Activity 4 Consequences of flat villi
Make a list of how flattening the villi could affect what is absorbed from the food we eat. Click ‘Save’ when you are satisfied with what you have written.
Your list might include:
- the body is unable to absorb all of the nutrients from food properly, causing malabsorption
- water cannot be absorbed, so dehydration occurs
- there may be diarrhoea.
It can be useful to know which part of the digestive system absorbs which nutrients. Do you remember we looked at where the nutrients are absorbed in Week 2, section 3.1?
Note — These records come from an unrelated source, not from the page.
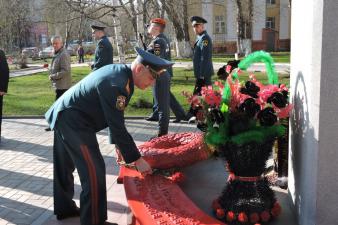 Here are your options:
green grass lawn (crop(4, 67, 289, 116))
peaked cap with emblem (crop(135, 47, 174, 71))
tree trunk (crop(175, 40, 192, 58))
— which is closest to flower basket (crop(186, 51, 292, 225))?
peaked cap with emblem (crop(135, 47, 174, 71))

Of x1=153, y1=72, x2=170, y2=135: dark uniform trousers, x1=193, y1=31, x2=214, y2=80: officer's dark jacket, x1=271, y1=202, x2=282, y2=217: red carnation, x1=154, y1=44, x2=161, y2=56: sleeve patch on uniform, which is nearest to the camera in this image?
x1=271, y1=202, x2=282, y2=217: red carnation

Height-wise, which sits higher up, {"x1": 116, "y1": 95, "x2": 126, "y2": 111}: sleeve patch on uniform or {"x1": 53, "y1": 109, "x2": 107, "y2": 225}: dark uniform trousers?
{"x1": 116, "y1": 95, "x2": 126, "y2": 111}: sleeve patch on uniform

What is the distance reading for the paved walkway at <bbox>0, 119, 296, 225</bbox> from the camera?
4332 millimetres

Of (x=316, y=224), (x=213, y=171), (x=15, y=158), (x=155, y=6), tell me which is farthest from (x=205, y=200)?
(x=155, y=6)

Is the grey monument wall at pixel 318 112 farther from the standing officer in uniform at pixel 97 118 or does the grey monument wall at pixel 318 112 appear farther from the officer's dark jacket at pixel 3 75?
the officer's dark jacket at pixel 3 75

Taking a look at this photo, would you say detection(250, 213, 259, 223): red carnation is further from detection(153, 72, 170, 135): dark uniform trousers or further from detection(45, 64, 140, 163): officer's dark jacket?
detection(153, 72, 170, 135): dark uniform trousers

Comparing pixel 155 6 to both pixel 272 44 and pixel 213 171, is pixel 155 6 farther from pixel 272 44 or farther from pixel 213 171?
pixel 272 44

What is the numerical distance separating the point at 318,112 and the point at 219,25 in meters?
41.8

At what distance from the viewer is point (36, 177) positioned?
563 centimetres

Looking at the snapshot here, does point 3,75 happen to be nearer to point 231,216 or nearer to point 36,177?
point 36,177

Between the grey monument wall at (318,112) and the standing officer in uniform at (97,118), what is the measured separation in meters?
1.10

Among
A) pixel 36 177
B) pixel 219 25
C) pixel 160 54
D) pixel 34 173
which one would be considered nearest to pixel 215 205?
pixel 36 177

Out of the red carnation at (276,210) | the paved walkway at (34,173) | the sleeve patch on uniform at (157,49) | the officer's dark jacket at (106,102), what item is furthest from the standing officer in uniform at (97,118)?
the sleeve patch on uniform at (157,49)

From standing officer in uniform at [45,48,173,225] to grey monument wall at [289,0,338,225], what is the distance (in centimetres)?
110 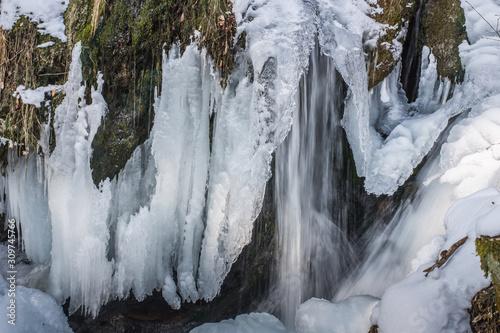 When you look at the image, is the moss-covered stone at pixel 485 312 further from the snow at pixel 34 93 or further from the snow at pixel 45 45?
the snow at pixel 45 45

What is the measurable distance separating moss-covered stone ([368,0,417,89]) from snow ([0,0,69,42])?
116 inches

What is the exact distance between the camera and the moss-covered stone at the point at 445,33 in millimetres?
3631

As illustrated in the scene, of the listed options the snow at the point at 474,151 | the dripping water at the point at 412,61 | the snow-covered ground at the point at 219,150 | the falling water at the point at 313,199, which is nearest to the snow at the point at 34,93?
the snow-covered ground at the point at 219,150

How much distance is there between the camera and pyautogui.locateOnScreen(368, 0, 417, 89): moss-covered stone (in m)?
3.71

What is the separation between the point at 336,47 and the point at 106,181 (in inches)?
95.2

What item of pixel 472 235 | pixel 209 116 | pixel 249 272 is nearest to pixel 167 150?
pixel 209 116

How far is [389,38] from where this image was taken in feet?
12.4

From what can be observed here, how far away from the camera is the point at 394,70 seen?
389 centimetres

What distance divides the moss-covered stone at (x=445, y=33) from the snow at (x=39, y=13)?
11.3 ft

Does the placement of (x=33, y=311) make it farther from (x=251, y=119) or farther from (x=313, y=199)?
(x=313, y=199)

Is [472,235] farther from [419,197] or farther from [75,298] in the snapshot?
[75,298]

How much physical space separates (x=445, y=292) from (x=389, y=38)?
8.62 ft

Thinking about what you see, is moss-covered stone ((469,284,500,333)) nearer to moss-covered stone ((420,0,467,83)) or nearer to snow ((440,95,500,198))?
snow ((440,95,500,198))

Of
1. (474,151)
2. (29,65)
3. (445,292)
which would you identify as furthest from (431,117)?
(29,65) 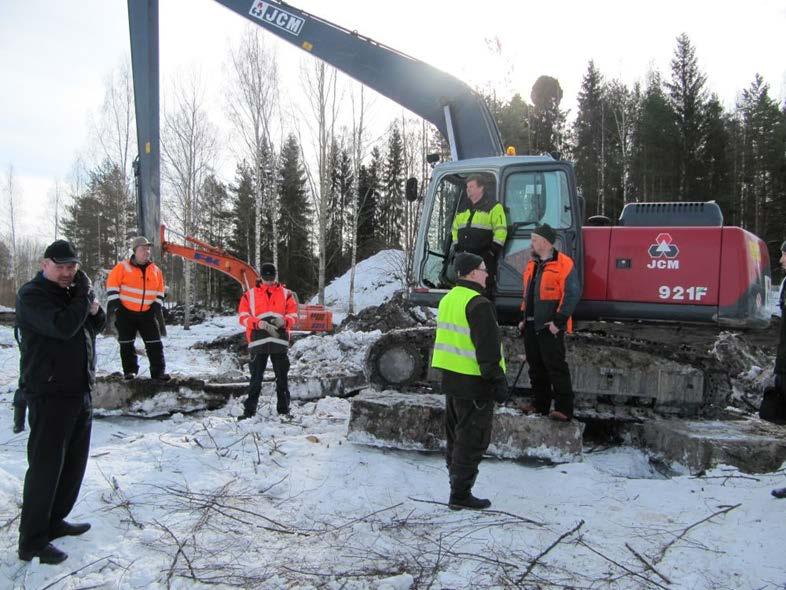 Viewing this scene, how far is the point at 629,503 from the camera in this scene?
3.97 meters

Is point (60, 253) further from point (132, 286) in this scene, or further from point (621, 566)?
point (621, 566)

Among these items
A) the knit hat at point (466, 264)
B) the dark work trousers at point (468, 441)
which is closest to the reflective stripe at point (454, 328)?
the knit hat at point (466, 264)

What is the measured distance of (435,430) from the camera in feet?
16.7

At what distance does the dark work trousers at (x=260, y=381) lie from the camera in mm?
6223

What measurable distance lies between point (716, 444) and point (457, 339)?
2339 millimetres

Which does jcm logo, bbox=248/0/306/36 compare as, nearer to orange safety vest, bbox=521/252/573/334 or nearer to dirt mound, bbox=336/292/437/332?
orange safety vest, bbox=521/252/573/334

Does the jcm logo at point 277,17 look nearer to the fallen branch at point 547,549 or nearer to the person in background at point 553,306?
the person in background at point 553,306

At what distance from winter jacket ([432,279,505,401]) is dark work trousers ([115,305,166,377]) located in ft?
13.2

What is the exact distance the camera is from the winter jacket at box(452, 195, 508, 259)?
17.5 feet

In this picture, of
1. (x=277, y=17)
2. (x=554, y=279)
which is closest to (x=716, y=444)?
(x=554, y=279)

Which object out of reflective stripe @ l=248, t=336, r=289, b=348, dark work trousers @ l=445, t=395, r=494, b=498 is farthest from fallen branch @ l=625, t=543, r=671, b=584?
reflective stripe @ l=248, t=336, r=289, b=348

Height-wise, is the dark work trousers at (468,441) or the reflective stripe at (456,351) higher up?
the reflective stripe at (456,351)

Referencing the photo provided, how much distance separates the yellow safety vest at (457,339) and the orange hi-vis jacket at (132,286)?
13.3 ft

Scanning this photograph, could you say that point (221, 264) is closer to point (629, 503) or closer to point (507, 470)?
point (507, 470) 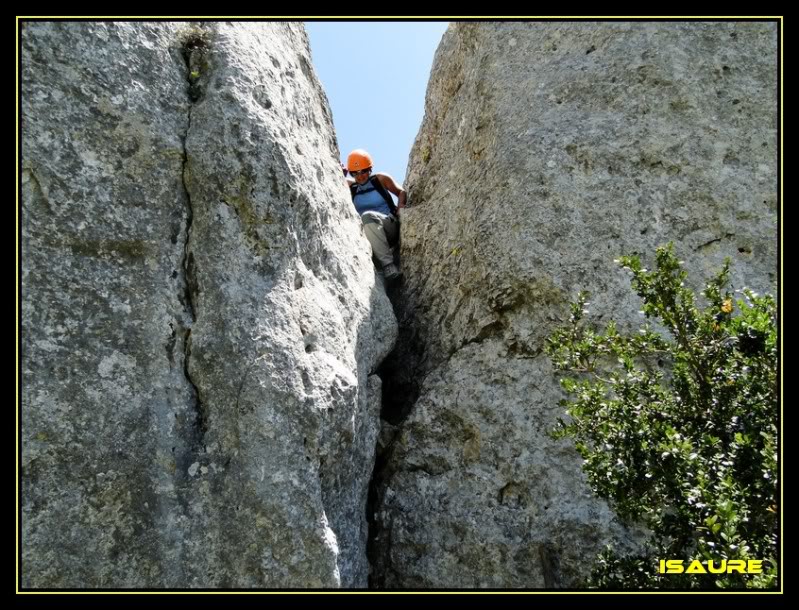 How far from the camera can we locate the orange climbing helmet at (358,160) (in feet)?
36.3

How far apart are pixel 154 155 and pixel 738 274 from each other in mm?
6129

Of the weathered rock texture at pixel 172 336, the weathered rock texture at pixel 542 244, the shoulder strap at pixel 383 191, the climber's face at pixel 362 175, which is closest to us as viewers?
the weathered rock texture at pixel 172 336

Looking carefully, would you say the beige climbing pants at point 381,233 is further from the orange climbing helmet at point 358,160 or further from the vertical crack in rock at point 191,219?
the vertical crack in rock at point 191,219

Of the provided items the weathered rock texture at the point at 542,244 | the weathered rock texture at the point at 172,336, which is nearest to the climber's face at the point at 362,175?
the weathered rock texture at the point at 542,244

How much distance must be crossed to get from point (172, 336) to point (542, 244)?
4277 millimetres

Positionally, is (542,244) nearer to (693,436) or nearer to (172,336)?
(693,436)

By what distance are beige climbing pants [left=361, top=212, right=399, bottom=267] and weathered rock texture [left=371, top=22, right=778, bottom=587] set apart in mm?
455

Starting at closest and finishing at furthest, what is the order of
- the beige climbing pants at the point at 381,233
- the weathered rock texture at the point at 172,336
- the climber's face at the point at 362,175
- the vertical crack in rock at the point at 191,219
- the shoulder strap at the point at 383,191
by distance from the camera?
the weathered rock texture at the point at 172,336 → the vertical crack in rock at the point at 191,219 → the beige climbing pants at the point at 381,233 → the climber's face at the point at 362,175 → the shoulder strap at the point at 383,191

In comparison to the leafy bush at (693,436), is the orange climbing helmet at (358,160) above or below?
above

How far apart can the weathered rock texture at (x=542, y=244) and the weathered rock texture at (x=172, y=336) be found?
117 centimetres

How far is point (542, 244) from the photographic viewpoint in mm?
8438

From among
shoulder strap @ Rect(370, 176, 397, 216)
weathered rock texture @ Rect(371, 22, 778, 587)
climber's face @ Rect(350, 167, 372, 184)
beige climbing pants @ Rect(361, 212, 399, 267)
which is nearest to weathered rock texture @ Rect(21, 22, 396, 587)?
weathered rock texture @ Rect(371, 22, 778, 587)

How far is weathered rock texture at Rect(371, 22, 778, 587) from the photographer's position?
7.40 meters

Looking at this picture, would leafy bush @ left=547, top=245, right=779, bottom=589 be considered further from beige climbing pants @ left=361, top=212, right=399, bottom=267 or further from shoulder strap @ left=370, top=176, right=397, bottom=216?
shoulder strap @ left=370, top=176, right=397, bottom=216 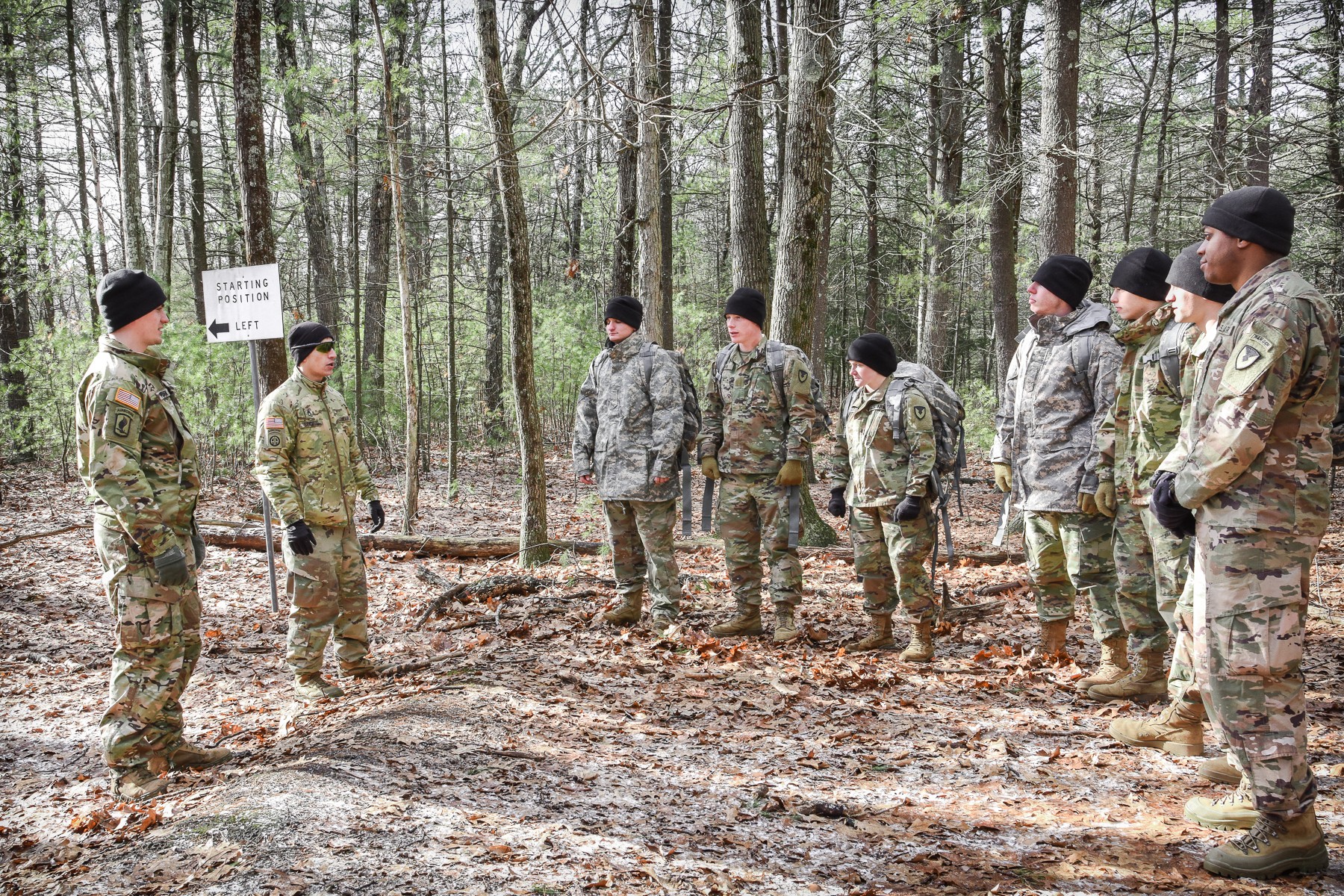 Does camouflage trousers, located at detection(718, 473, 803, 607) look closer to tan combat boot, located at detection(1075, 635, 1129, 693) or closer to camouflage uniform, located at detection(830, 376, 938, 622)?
camouflage uniform, located at detection(830, 376, 938, 622)

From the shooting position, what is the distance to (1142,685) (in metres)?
4.74

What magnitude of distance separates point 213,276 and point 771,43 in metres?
11.6

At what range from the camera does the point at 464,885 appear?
2.76 m

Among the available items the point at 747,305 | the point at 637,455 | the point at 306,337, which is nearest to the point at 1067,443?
the point at 747,305

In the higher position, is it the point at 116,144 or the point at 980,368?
the point at 116,144

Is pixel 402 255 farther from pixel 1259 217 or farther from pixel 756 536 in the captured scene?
pixel 1259 217

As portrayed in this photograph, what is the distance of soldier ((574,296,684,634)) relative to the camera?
20.7 ft

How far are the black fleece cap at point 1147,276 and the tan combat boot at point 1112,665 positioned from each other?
2.00 meters

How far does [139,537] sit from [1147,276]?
17.5 feet

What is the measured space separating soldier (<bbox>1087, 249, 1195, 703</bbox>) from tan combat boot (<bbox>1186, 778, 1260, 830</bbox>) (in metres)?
1.02

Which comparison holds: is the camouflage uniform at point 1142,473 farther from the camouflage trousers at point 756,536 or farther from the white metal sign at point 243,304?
the white metal sign at point 243,304

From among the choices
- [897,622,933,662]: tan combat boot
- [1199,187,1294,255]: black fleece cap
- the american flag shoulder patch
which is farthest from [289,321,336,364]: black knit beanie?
[1199,187,1294,255]: black fleece cap

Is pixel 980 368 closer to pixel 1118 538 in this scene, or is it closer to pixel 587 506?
pixel 587 506

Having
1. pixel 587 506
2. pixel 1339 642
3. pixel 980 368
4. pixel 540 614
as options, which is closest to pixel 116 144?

The lack of surface area means that nutrients may not be absorbed in sufficient amounts. For example, water-soluble vitamins, vitamin B12, bile salts, amino acids and simple peptides, as well as water and sodium. This can cause malnutrition.
In 2015, the National Institute for Health and Care Excellence (NICE) produced guidelines for the recognition, assessment and treatment of coeliac disease.
- A diagnosis of coeliac disease in adults is from a blood test to check for antibodies and a biopsy. (For children, a biopsy is only done if required.) But the person needs to be eating gluten (found in wheat, barley and rye) at the time of the test.
- The only treatment is a gluten-free diet for life.
- Even the smallest amount of gluten can cause an autoimmune reaction.
- There should be an annual review where blood antibodies are checked. Also a DEXA scan which can identify bone density, because bone health is affected with poorly controlled coeliac disease.
As you can see, this condition requires the maintenance of a gluten-free diet. Some essential foods are available on prescription and a team of health professionals is needed to support people who have coeliac disease.
Activity 5 Finding foods that are gluten free
Look in your kitchen cupboards and see which foods have the gluten-free symbol (Figure 10).
As you can see, many foods contain gluten, some of which are obvious, but some you may not realise, because the factory may contaminate products with traces of gluten. Gluten-free is only gluten-free if prepared in gluten-free, non-contaminated areas.
Can you imagine what it must be like following a strict diet such as gluten-free? Well, that is what a person diagnosed with coeliac disease does every day. It is hard even though some basic foods are available on prescription.
You may be able to be careful at home, but what about eating out? Coeliac UK has been working with caterers. If accredited, they can use the symbol developed by Coeliac UK, showing that the restaurant meets the gluten-free standard (Figure 11).